@rewindForward said:
I'm not clear on what value "le+23" is meant to indicate.
Edit: crossed messages, didn't see the reply before sending mine...
It isn't le -- it's 1e.
Scientific notation is a way to write very large and very small numbers, with one digit to the left of the point, and then multiply by a power of 10. 123 in scientific notation would be 1.23x10^2; 123 million, 1.23x10^8. By convention, these are shortened to 1.23e+2 and 1.23e+8. 1.23e+2 is a bit silly, so a relatively small number like 123 is displayed without the exponent, but if you type 123000000 into an object box, Pd will show it as 1.23e+8.

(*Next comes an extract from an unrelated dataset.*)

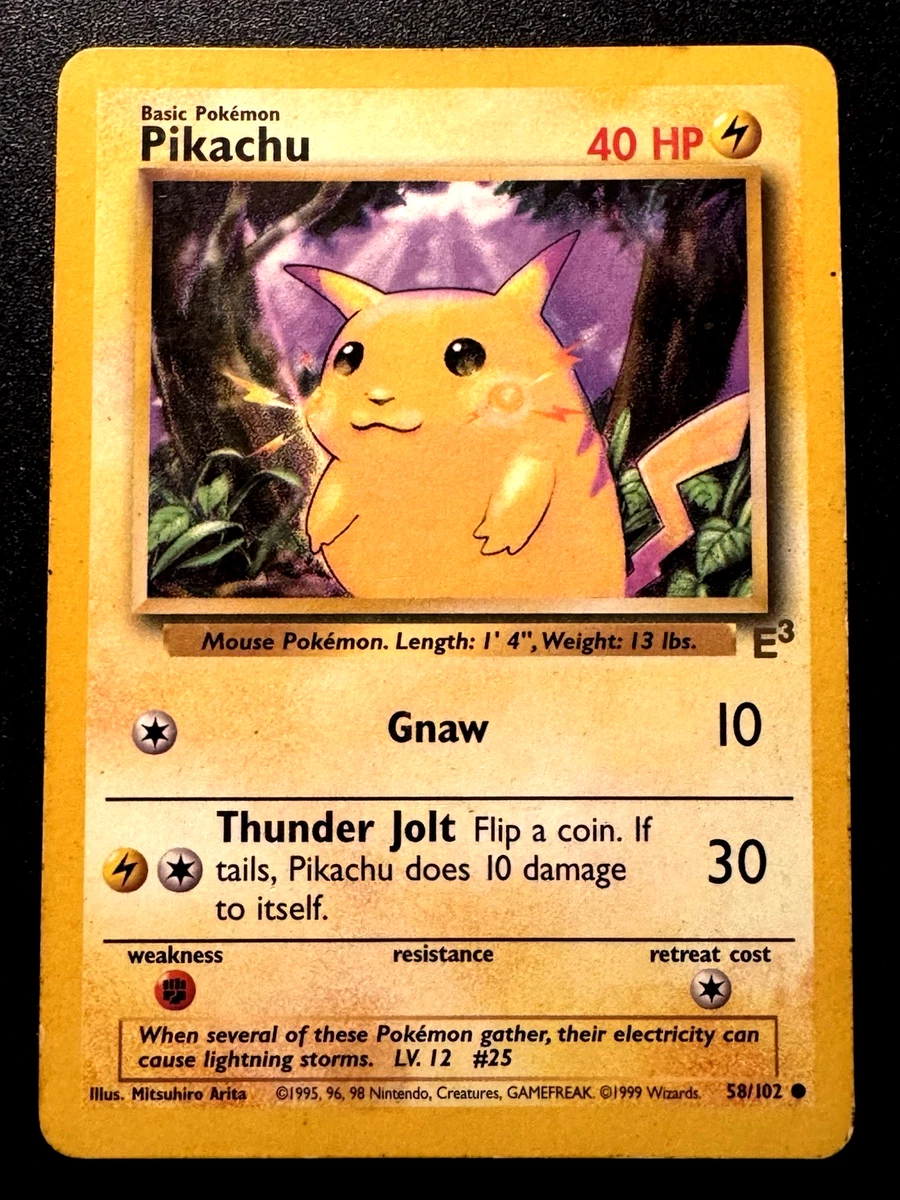 Pikachu Pokémon TCG Rare Base Set Individual Collectible Card Game Cards  for sale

1e+23 then is a 1 followed by 23 zeroes.
The vanilla way to do a comparator (as solipp and others pointed out) is to subtract the signals first. If a > b, then a - b > 0. To flatten "any number that's >0 (true) or <=0 (false)" into 1 or 0, you multiply by a very large number (such as 1 then 23 zeroes) and clip: [clip~ 0 1] gives you a binary result, or [clip~ -1 1] gives you +1 for a > b, -1 for a < b, or 0 for a == b. (There's a very narrow range of numbers where the multiplication result would be between -1 and +1, but it's extremely unlikely to hit. So we just ignore it.)